Exercise directions
For the listing below, print exactly the lines from the line with "Suite, Non Smoking" to the line with "Snapshot of jhomgostosomg", both included, and nothing beyond them.

Source data
■ ■ ■ ■ ■ ■ ■
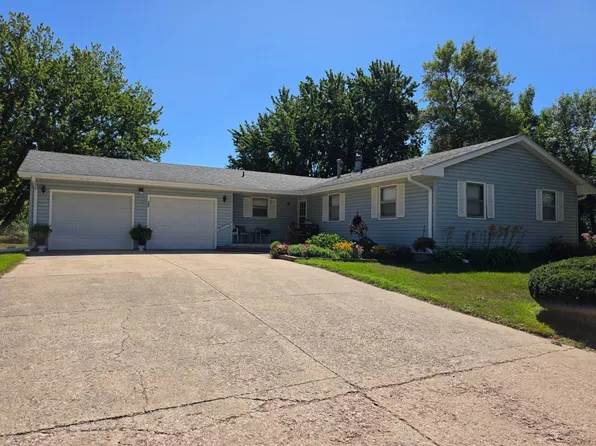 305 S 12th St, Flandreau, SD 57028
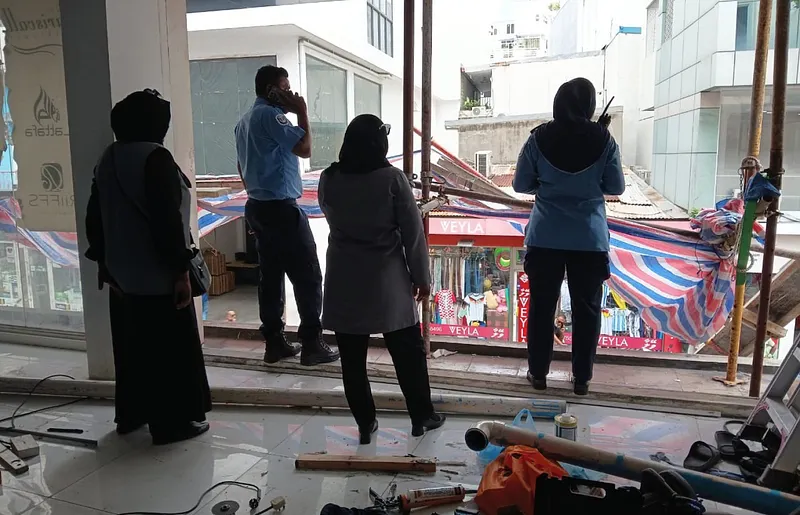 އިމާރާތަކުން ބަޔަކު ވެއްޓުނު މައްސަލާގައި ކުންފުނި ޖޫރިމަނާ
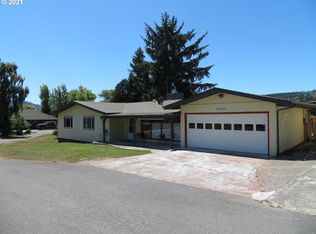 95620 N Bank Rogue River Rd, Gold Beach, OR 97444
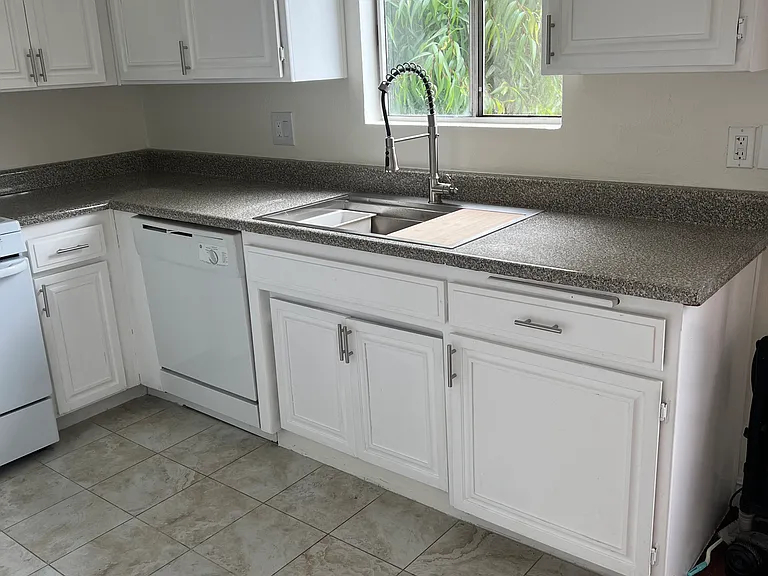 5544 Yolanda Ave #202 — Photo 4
■ ■ ■ ■ ■ ■ ■
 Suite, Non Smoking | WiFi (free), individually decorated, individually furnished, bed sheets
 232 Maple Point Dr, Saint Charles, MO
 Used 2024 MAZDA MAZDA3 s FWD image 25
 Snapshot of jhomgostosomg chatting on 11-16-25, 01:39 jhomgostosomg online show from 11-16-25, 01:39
■ ■ ■ ■ ■ ■ ■
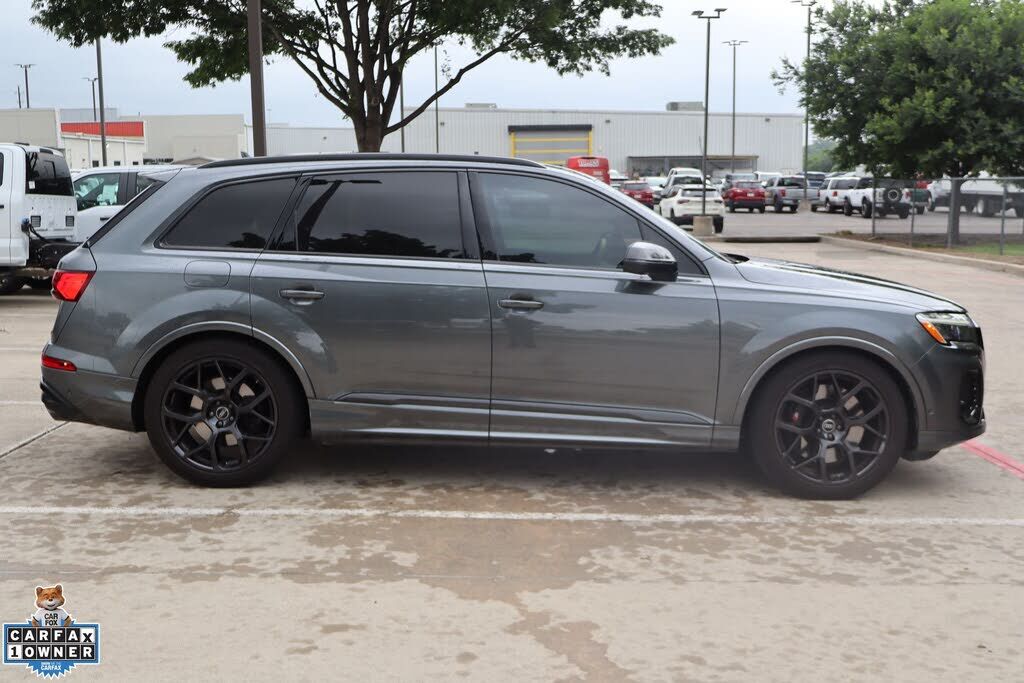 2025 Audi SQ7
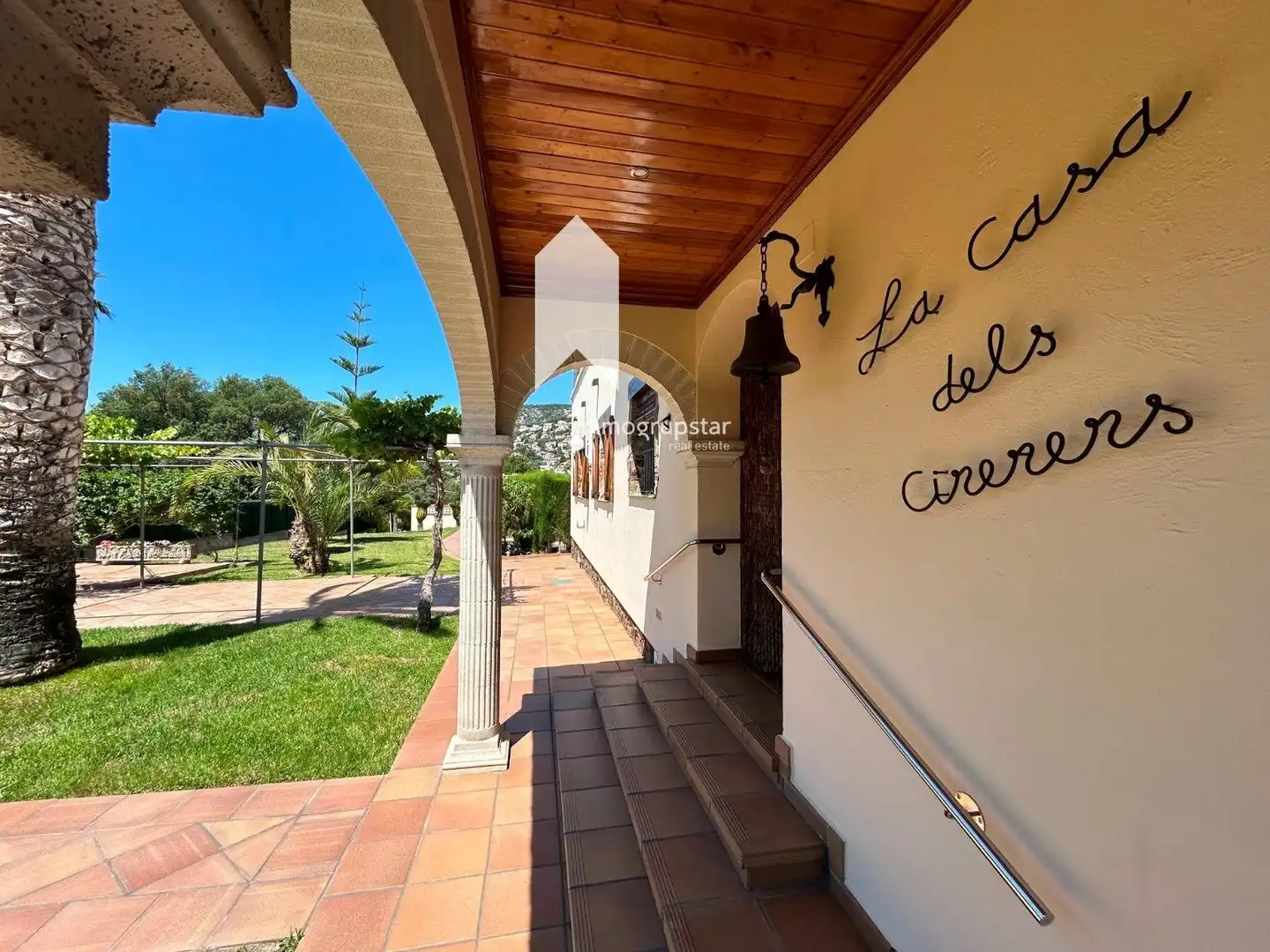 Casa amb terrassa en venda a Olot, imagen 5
■ ■ ■ ■ ■ ■ ■
Answer to the problem
 Suite, Non Smoking | WiFi (free), individually decorated, individually furnished, bed sheets
 232 Maple Point Dr, Saint Charles, MO
 Used 2024 MAZDA MAZDA3 s FWD image 25
 Snapshot of jhomgostosomg chatting on 11-16-25, 01:39 jhomgostosomg online show from 11-16-25, 01:39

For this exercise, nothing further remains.